Contestualmente Meta lancia due novità sul fronte delle impostazioni, per gestire con più facilità chi può vedere i post su Facebook e per le inserzioni pubblicitarie.

"Visti i recenti miglioramenti alle disposizioni in materia di privacy e protezione dei dati apportati in tutto il mondo ci siamo impegnati a rendere più trasparenti le nostre pratiche in materia di dati - spiega Michel Protti, Chief Privacy Officer del Prodotto - Gli aggiornamenti che annunciamo oggi sono stati ispirati dai feedback di esperti di privacy, responsabili politici e delle persone che usano i nostri servizi. Il nostro obiettivo per il futuro è aggiornare la nostra Informativa sulla privacy con maggiore frequenza, man mano che identificheremo le aree da migliorare".L'aggiornamento, specifica Meta, non si applica a WhatsApp, Workplace, Free Basics, Messenger Kids né all'uso dei dispositivi Quest senza un account Facebook, perchè a loro volta "hanno le proprie informative sulla privacy".
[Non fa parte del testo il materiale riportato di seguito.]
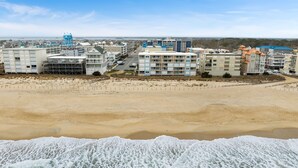 Et kysthotel med flere bygninger, en sandstrand og bølger der slår ind mod kysten.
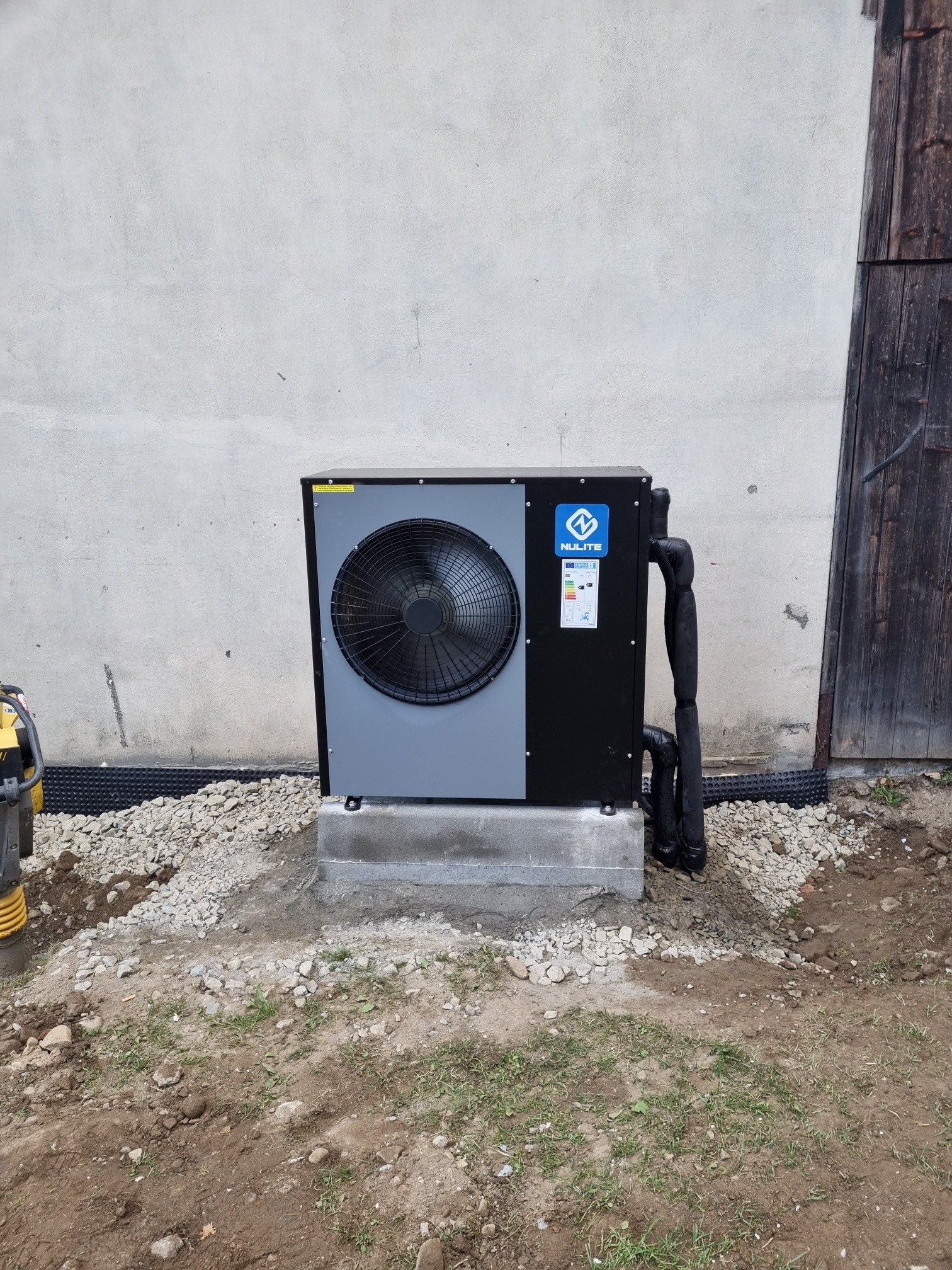 Szaro-czarna jednostka zewnętrzna z wentylatorem, marki Nulite, zainstalowana na betonowej podstawie, z czarnymi rurami, na tle białej ściany i drewnianych drzwi, z widoczną ubijarką w tle.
"Questo dimostra che le normative europee funzionano e, anche se con una certa lentezza, sono in grado di convincere i grandi operatori a rivedere i loro modelli di business che non sono scritti nella pietra - spiega all'ANSA Ernesto Belisario, avvocato, esperto di diritto delle tecnologie - Il Gdpr, il Digital Services Act e il Digital Markets Act stanno producendo effetti e gli Stati Uniti seguono l'Europa. Ci dovremmo però interrogare se, nonostante la trasparenza, le persone abbiano la capacità da sole di leggere migliaia di parole e tutelare i propri diritti".
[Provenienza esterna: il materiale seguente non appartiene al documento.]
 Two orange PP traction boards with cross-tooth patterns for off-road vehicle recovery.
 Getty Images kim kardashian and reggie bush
Ecco le novità sul fronte delle impostazioni:

Nuovi controlli del pubblico: a partire da oggi, sarà disponibile una nuova impostazione per gestire  con più facilità chi può vedere i tuoi post su Facebook. Adesso, quando selezioni un pubblico  predefinito, la scelta si applica ai nuovi post che crei su Facebook e che condividi sul tuo diario, a  meno che non selezioni un pubblico diverso per un post specifico. In precedenza, il tuo pubblico  predefinito per i post corrispondeva al pubblico che avevi scelto più di recente. Perciò, se avevi  appena creato un post visibile a tutti, lo sarebbero stati anche tutti i tuoi post successivi. Grazie a  questa nuova impostazione, avrai la certezza di condividere i contenuti con le persone giuste della tua  community. 

Nuovi modi per gestire le inserzioni che vedi: Di recente, abbiamo raggruppato i controlli  Argomenti delle inserzioni e Categorie di interessi in un unico controllo cui è possibile accedere su  Facebook e Instagram e che contiene un insieme più vasto di argomenti. In questo modo, le persone  possono usare un solo controllo per impostare le preferenze relative agli argomenti delle inserzioni  affinché riflettano le categorie di targetizzazione basata sugli interessi utilizzate dagli inserzionisti per  raggiungerle e i contenuti che vedono in un'inserzione.